Not Losing is a Loser’s Game

The Obama administration’s weak and failing Middle East policy—the struggle against ISIS and the ultimate fate of the Bashar al-Assad regime in Syria—revolves around a non-strategy of avoiding a major foreign-policy debacle in the 15 months remaining before a new president takes office. But it’s too late. Russia and Iran calling the shots in the Middle East is an American foreign-policy debacle.

While a good defense sometimes wins in football, the team that scores the most points always wins. Football is a game, war isn’t. Furthermore, when Russia and the United States are involved, both with nuclear forces capable of wiping out the world, rules matter. Terrorists and rogue regimes win by thwarting the rules.

Washington’s insipid Middle East strategy stands on weak legs: avoiding commitment to "boots on the ground" by employing military advisors coupled to a less than robust aerial campaign so hamstrung by rules of engagement that planes often return to base with unused ordnance and drone strikes that avoid risk to air crews but accomplish very little. Furthermore, effective diplomacy relies on a very big military stick. In this case Moscow brings a club to the table while Washington shows up with twigs. It will be interesting to watch Russia’s actions to the claim that ISIS was responsible for bringing down Russian Metrojet Flight 9268.
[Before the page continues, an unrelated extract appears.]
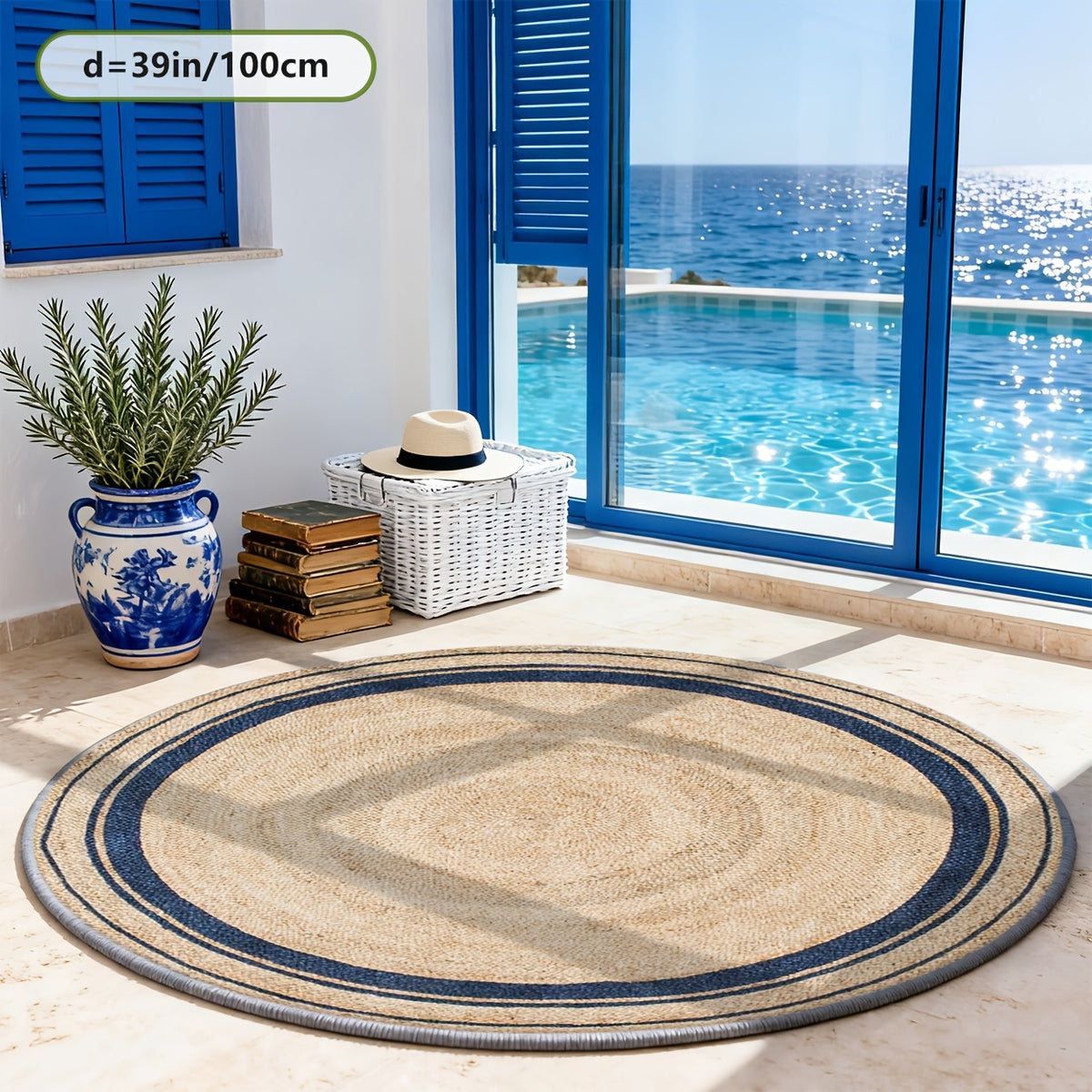Tapis rond imprimé tressage naturel, bordure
The deployment of 50 Special Forces advisors supposedly to train and assist anti-Assad and anti-ISIS forces puts Americans at risk of being killed or captured. Worse, since Russian/Iranian strategy focuses on propping up Assad, the preponderance of Russian airstrikes will target anti-Assad groups that Americans will be advising. So far only a few Russian sorties have targeted ISIS, most of them aimed at Chechen ISIS elements. Blowing up the airliner may change that.

Unfortunately, the Obama administration favors reliance on advisors, limited air strikes, and drone operations. Making war not to lose creates only an illusion of victory. A timid air campaign featuring pinprick aerial strikes by fighter bombers and unmanned aerial drones aimed at degrading rather than defeating ISIS cannot win. Meanwhile, the ISIS genocidal campaign against Shi’ites and Arab Christians continues fostering a refugee crisis in Europe not seen since World War II.
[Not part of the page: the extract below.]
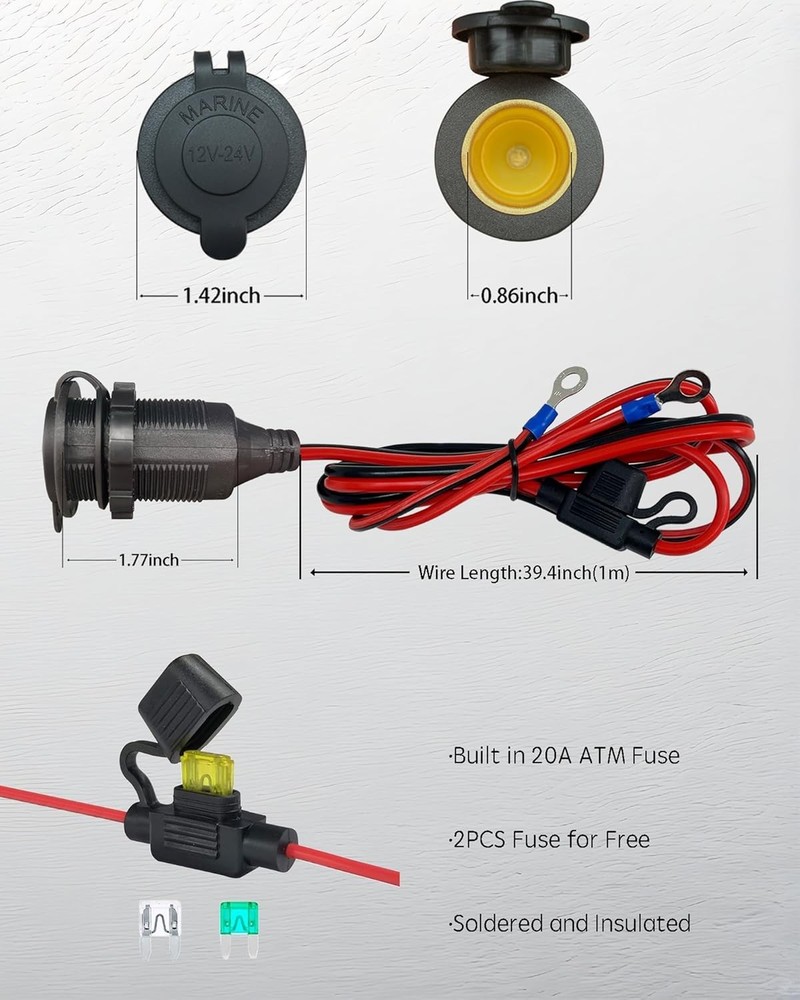 Durable 3FT Fixed Thread 12V Socket Extension with Built-in Safety Fuse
All wars are won or lost in the heads of leaders, whether bourgeois politicians, dictators, military leaders, or fanatically determined terrorists. To win decisively is the best way to destroy any enemy’s will to fight, and that takes much more force than 50 advisors and limited air attacks can deliver. The quicker that overwhelming force is applied, the more limited the casualties on each side, including collateral damage.
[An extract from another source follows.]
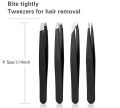 Professional Eye brow Tools Kit Set of 4PCS -  Stainless Steel Tweezers/Makeup Scissors/Eyebrow Knife/Eyelash Brush/Tweezers Case.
Pinprick strikes won’t defeat ISIS or compel regime change in Damascus. Moscow will continue to support Assad because that provides it access to the Mediterranean and makes Russia the major power broker at the world’s energy epicenter. America has no winning hand in negotiating Assad’s removal, and placing U.S. military advisors with forces likely to be attacked by Russians and Iranians risks a much wider war. If Moscow wants Assad in power, it will get it. If not him, then Russia will name his successor. Obama’s failed policies have ceded that option to Russia and Iran.

Washington’s only chance to retrieve a semblance of strategic leadership in the Middle East is to move decisively against ISIS. Degrading its capabilities only delays a disastrous defeat. The way to intimidate fanatical jihadists is to make it clear that winning is impossible and their defeat and demise are inevitable. Their only choices must be to give it up or die. Bringing them to that decision point involves breaking their collective will. If Washington leads boldly, Egypt, Jordan, Saudi Arabia, the Kurds, and the United Arab Emirates follow. Otherwise, the future of the Middle East will be determined in Moscow and Teheran and a major war—a nuclear war involving Israel and likely to bring in the United States—becomes highly likely.

That is what not losing looks like. It’s a loser’s gambit with the highest possible stakes.

— Dr. Earl Tilford is a military historian and fellow for the Middle East & terrorism with The Center for Vision & Values at Grove City College. A retired Air Force intelligence officer, Tilford earned his PhD in American and European military history at George Washington University.